*THE PROBLEM*.
Make a verbatim copy of all the records. Skip every image.

*RECORDS SUPPLIED*.

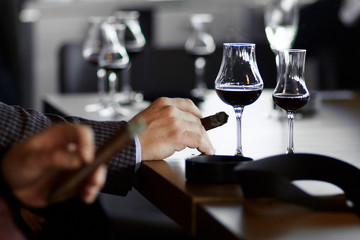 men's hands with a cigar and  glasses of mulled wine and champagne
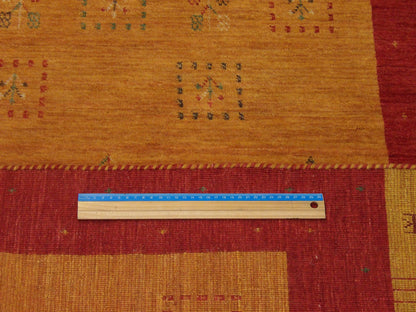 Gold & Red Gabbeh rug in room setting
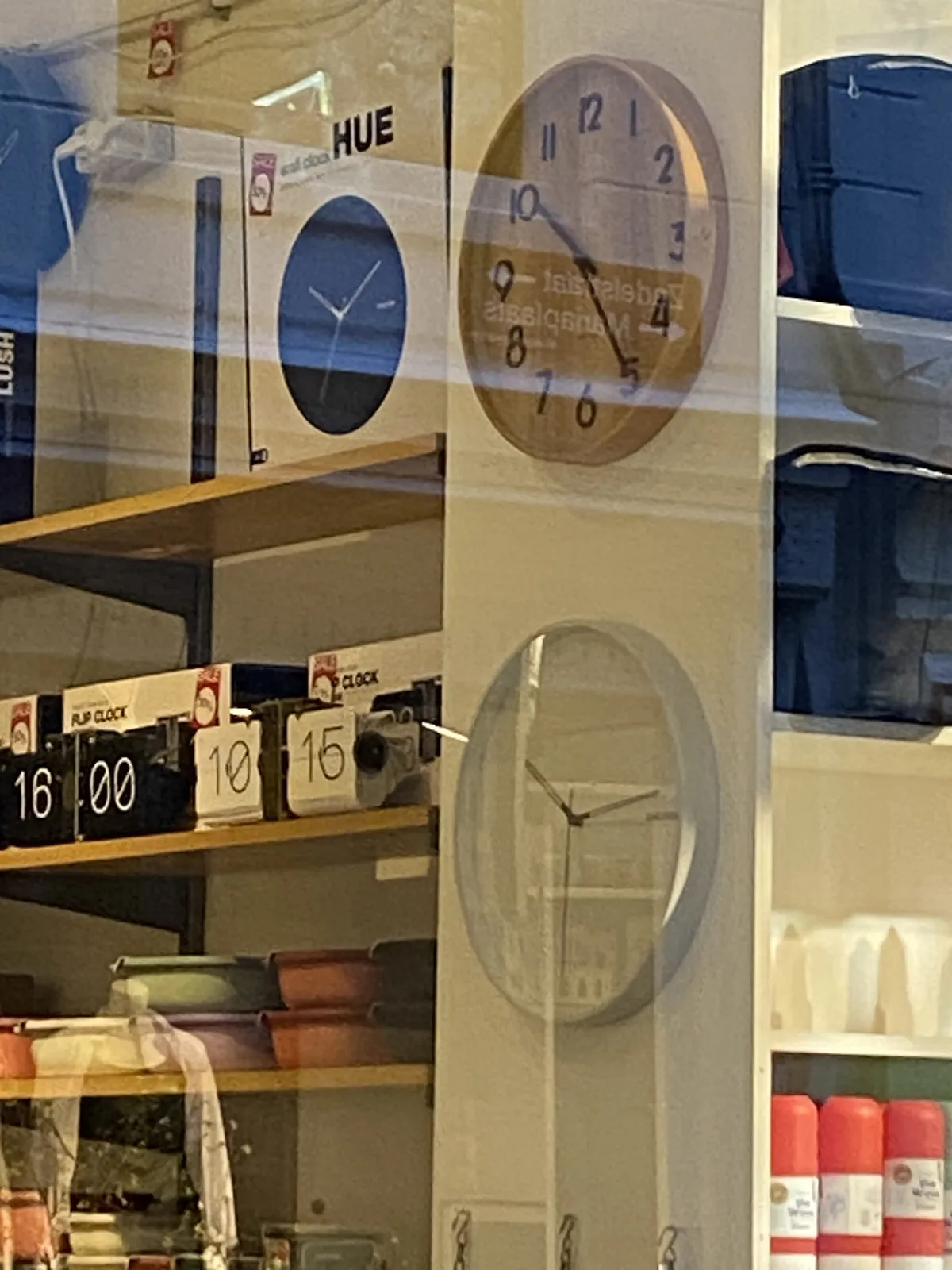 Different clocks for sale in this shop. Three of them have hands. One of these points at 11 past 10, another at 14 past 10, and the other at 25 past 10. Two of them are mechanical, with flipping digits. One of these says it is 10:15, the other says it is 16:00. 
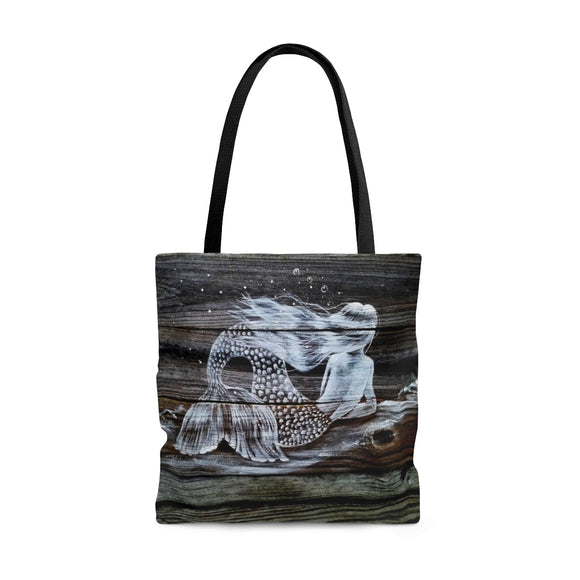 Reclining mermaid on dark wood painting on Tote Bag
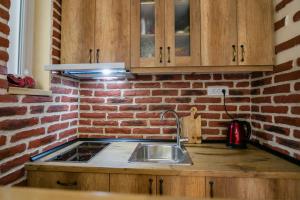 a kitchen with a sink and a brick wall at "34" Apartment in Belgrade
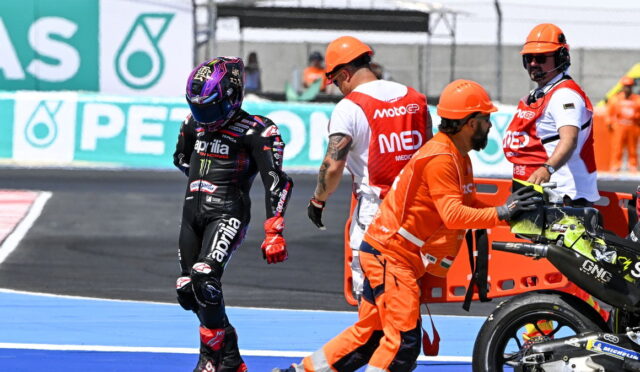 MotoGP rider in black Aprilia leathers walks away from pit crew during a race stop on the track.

*EXERCISE RESULT*.
 men's hands with a cigar and  glasses of mulled wine and champagne
 Gold & Red Gabbeh rug in room setting
 Different clocks for sale in this shop. Three of them have hands. One of these points at 11 past 10, another at 14 past 10, and the other at 25 past 10. Two of them are mechanical, with flipping digits. One of these says it is 10:15, the other says it is 16:00. 
 Reclining mermaid on dark wood painting on Tote Bag
 a kitchen with a sink and a brick wall at "34" Apartment in Belgrade
 MotoGP rider in black Aprilia leathers walks away from pit crew during a race stop on the track.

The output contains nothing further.